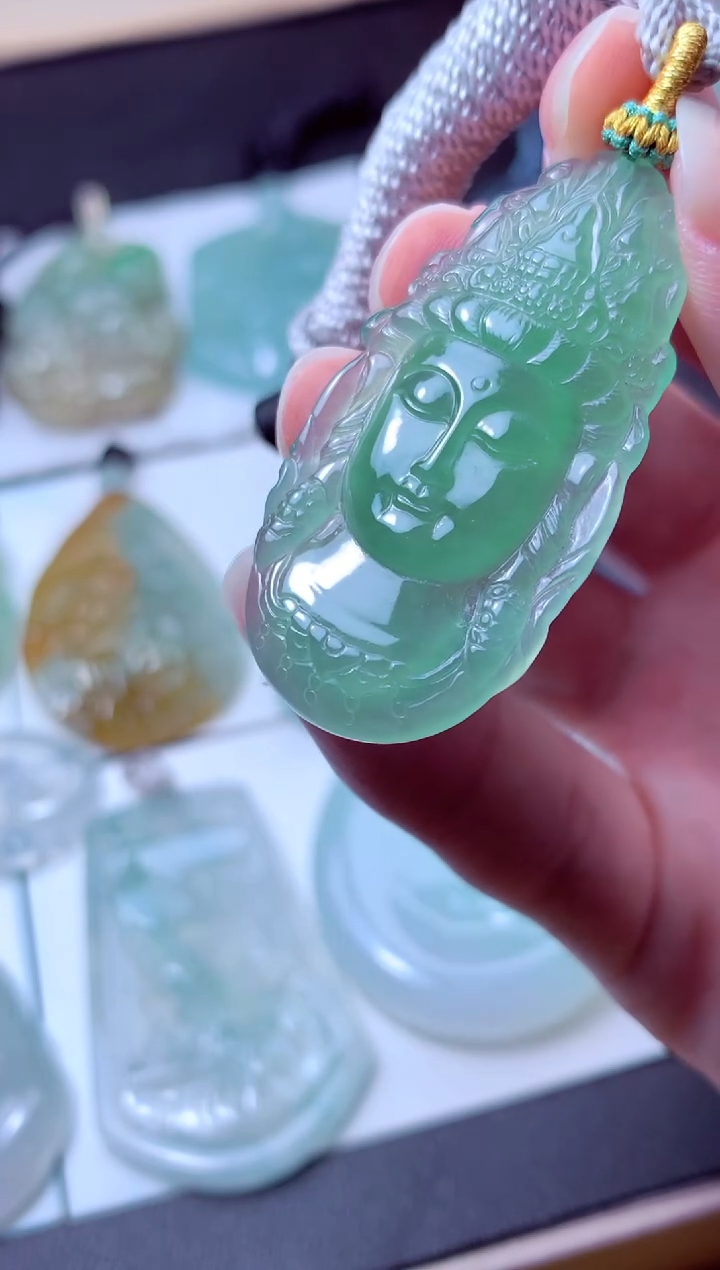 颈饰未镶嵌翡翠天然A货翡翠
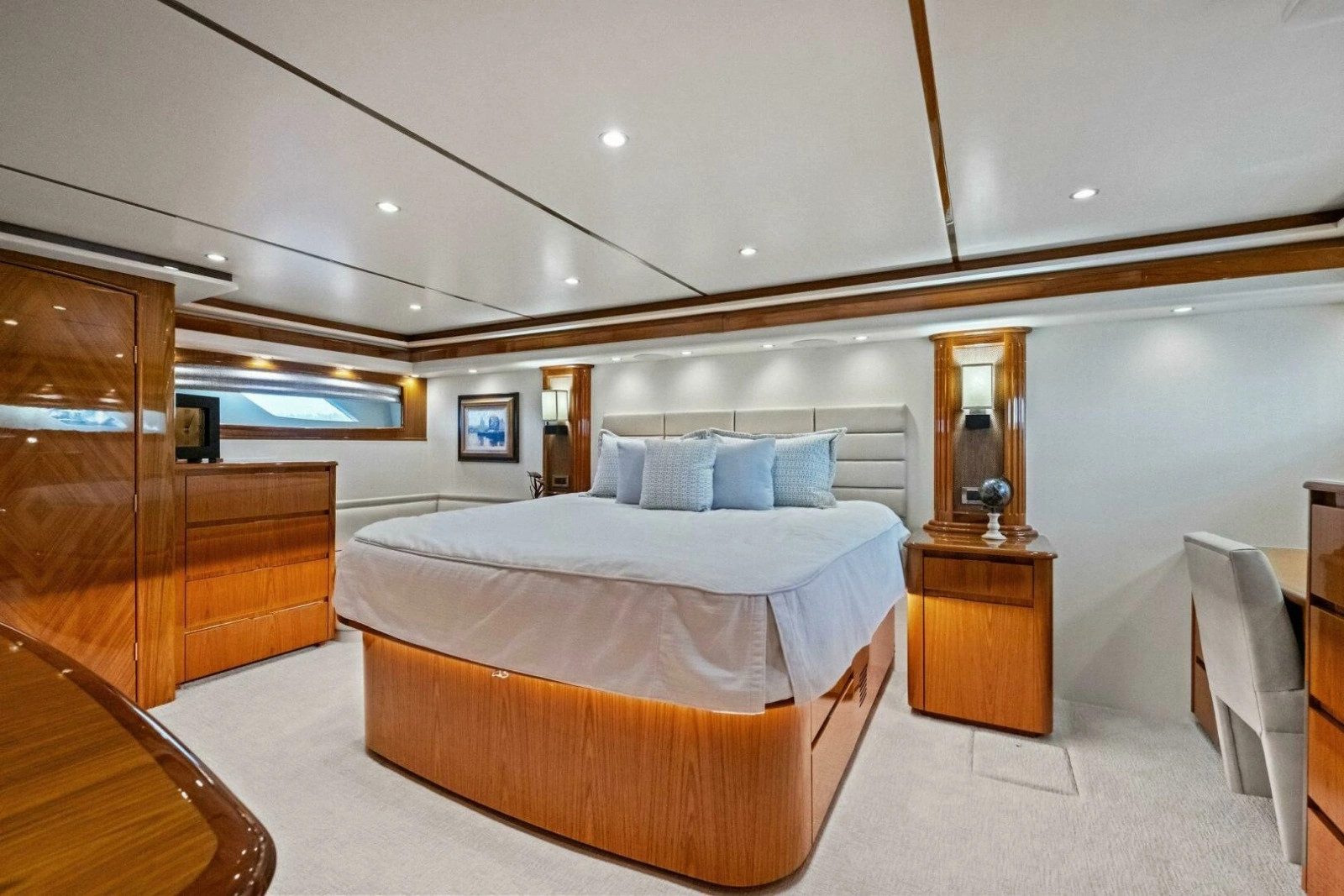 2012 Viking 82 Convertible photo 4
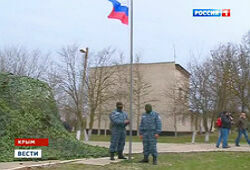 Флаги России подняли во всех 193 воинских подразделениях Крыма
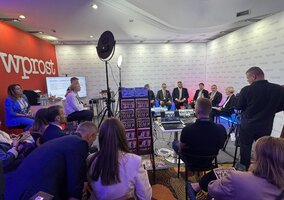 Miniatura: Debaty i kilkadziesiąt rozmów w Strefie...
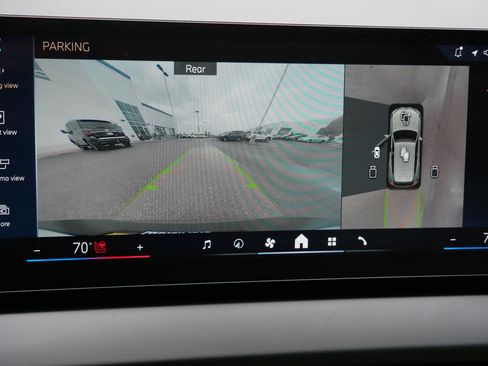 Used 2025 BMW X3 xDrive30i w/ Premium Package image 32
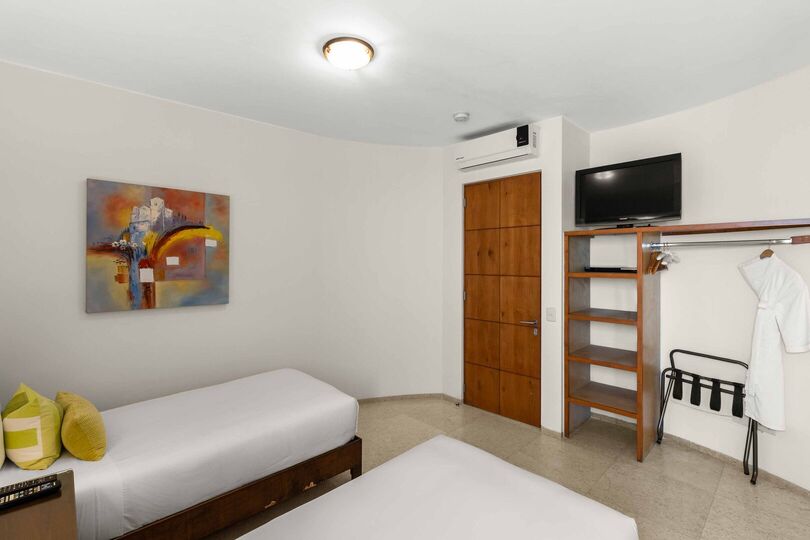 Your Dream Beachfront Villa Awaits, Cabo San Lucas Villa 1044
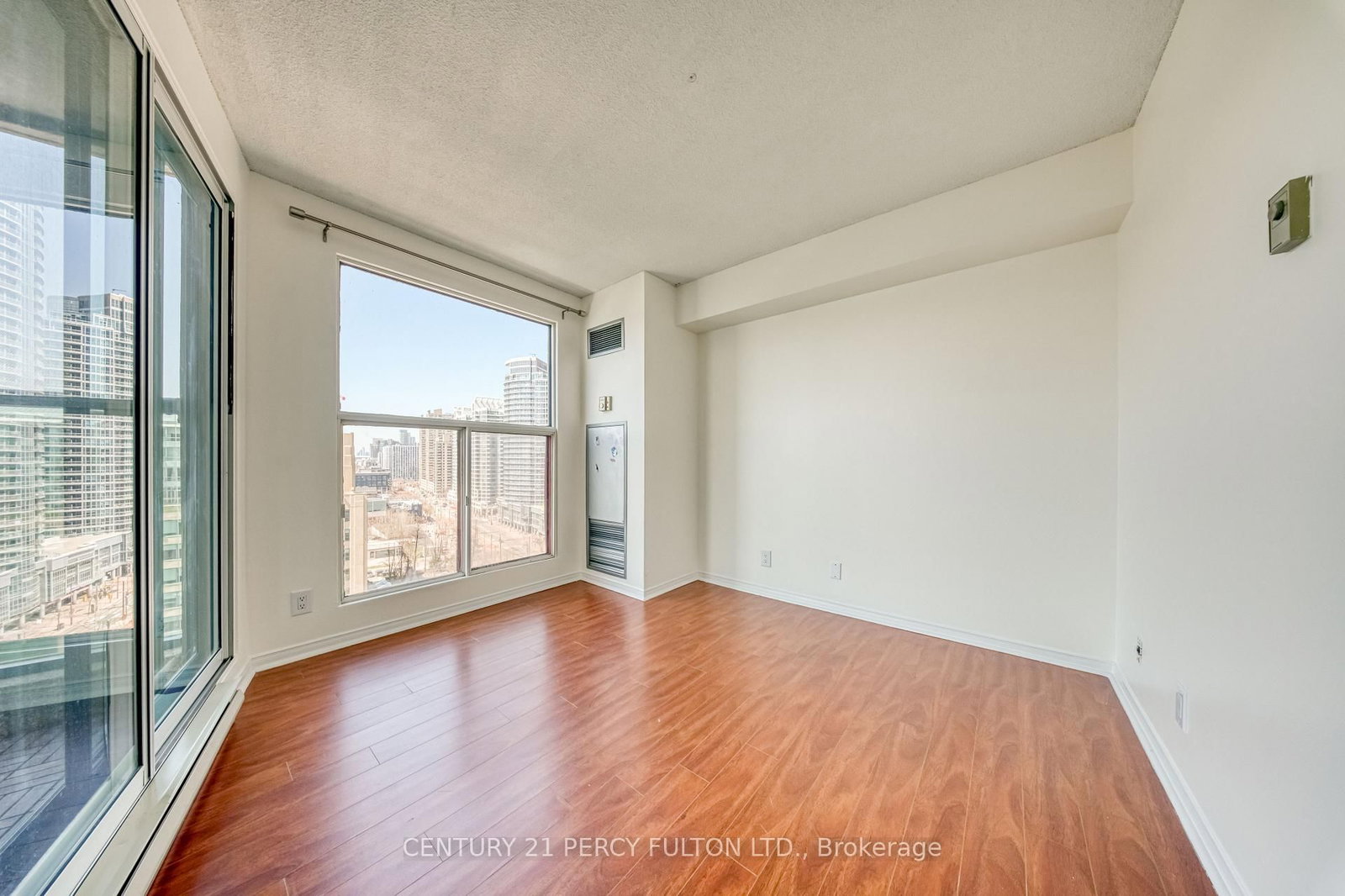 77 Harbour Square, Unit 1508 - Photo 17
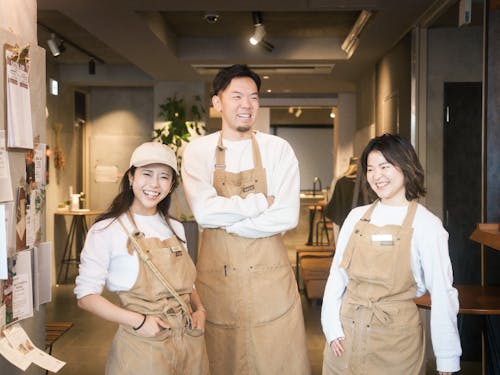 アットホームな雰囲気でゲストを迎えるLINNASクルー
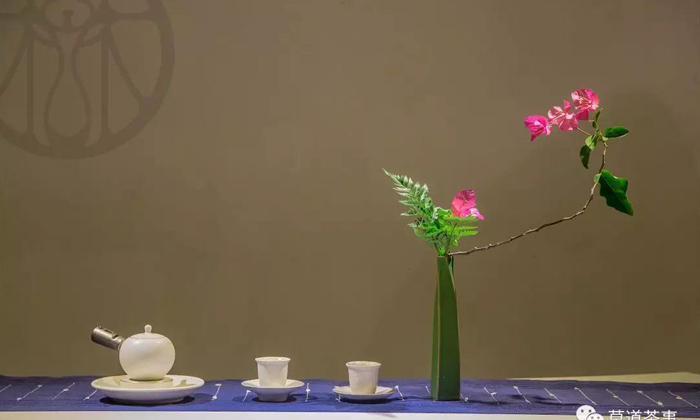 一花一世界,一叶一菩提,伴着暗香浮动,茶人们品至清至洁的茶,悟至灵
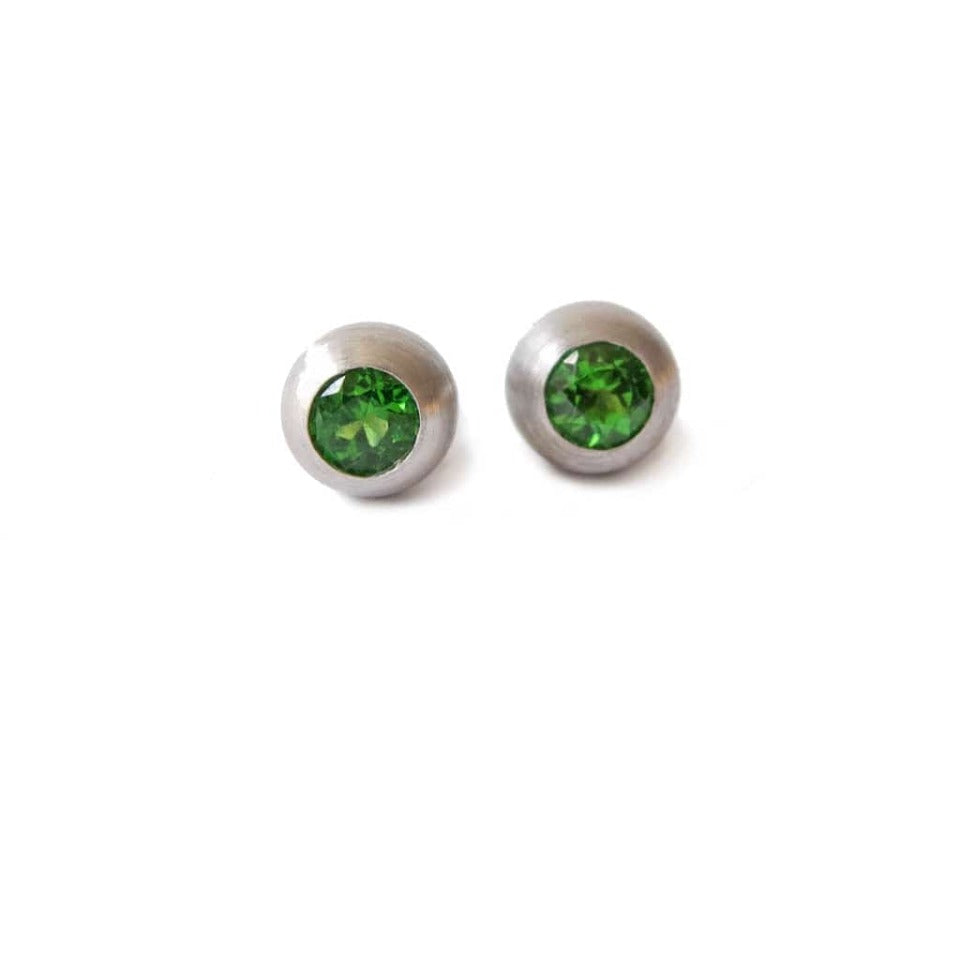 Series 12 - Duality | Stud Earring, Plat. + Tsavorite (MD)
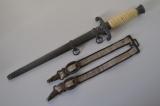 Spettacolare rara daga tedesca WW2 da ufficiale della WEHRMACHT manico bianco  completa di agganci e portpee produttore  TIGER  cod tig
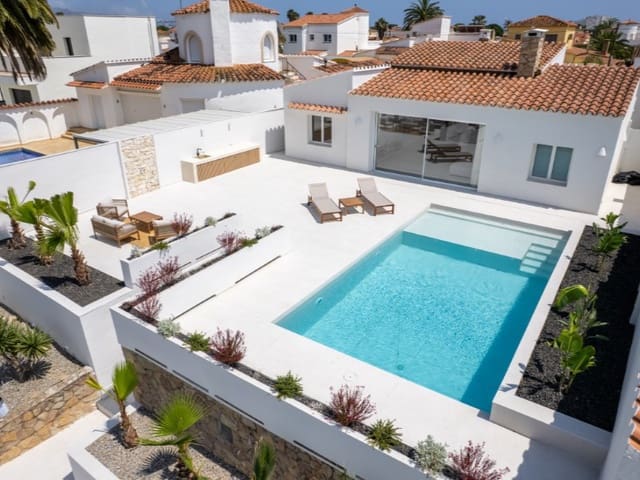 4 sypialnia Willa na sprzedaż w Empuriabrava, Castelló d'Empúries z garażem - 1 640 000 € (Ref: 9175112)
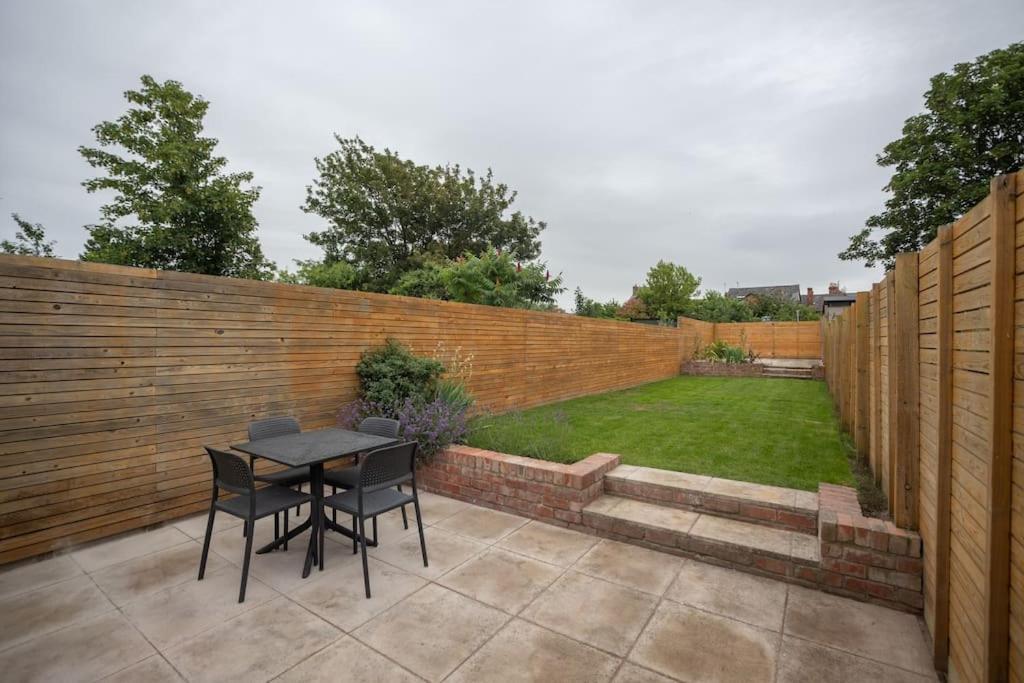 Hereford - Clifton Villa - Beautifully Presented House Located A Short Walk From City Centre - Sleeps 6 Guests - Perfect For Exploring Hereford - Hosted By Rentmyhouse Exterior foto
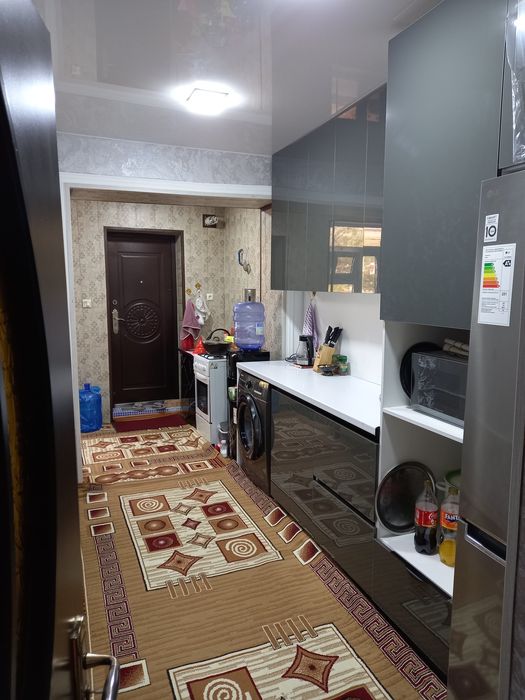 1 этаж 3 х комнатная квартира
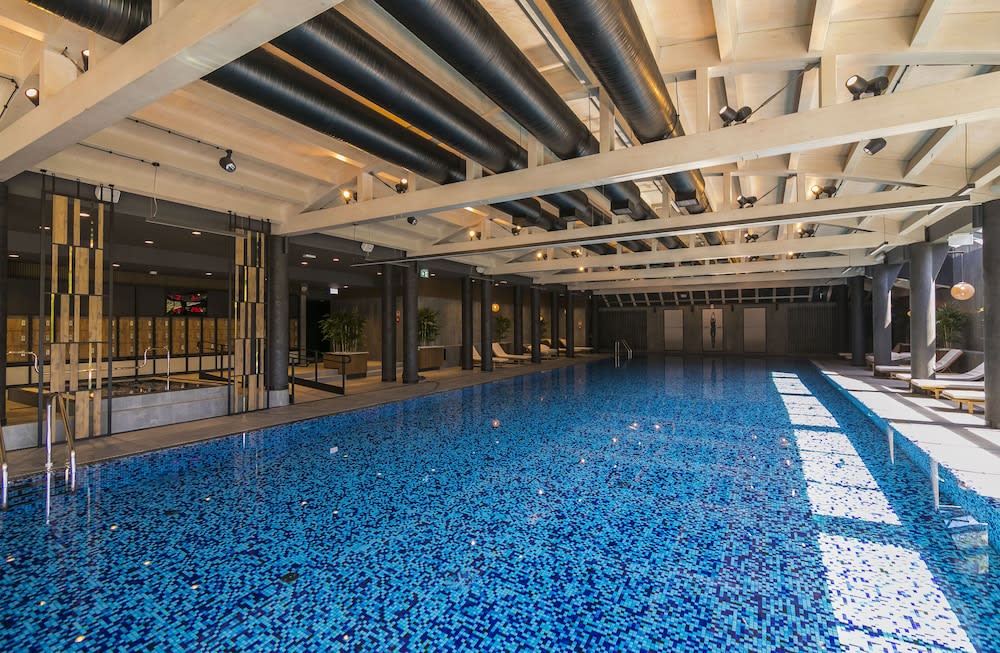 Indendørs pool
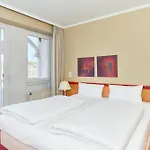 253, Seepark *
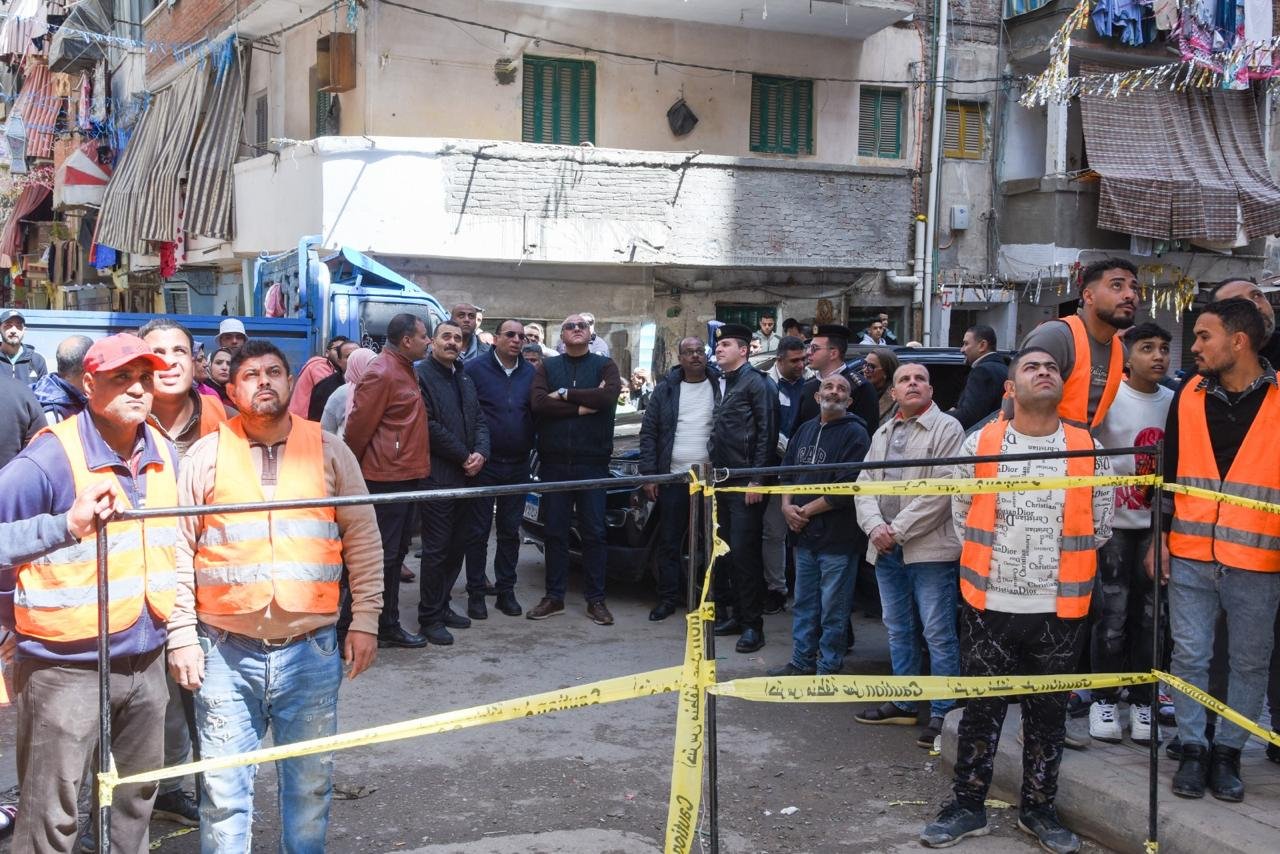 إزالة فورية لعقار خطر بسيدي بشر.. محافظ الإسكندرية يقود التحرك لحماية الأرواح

*-*-*

Activity
Transcribe the entries word for word, without their pictures.

Solution to this problem
 颈饰未镶嵌翡翠天然A货翡翠
 2012 Viking 82 Convertible photo 4
 Флаги России подняли во всех 193 воинских подразделениях Крыма
 Miniatura: Debaty i kilkadziesiąt rozmów w Strefie...
 Used 2025 BMW X3 xDrive30i w/ Premium Package image 32
 Your Dream Beachfront Villa Awaits, Cabo San Lucas Villa 1044
 77 Harbour Square, Unit 1508 - Photo 17
 アットホームな雰囲気でゲストを迎えるLINNASクルー
 一花一世界,一叶一菩提,伴着暗香浮动,茶人们品至清至洁的茶,悟至灵
 Series 12 - Duality | Stud Earring, Plat. + Tsavorite (MD)
 Spettacolare rara daga tedesca WW2 da ufficiale della WEHRMACHT manico bianco  completa di agganci e portpee produttore  TIGER  cod tig
 4 sypialnia Willa na sprzedaż w Empuriabrava, Castelló d'Empúries z garażem - 1 640 000 € (Ref: 9175112)
 Hereford - Clifton Villa - Beautifully Presented House Located A Short Walk From City Centre - Sleeps 6 Guests - Perfect For Exploring Hereford - Hosted By Rentmyhouse Exterior foto
 1 этаж 3 х комнатная квартира
 Indendørs pool
 253, Seepark *
 إزالة فورية لعقار خطر بسيدي بشر.. محافظ الإسكندرية يقود التحرك لحماية الأرواح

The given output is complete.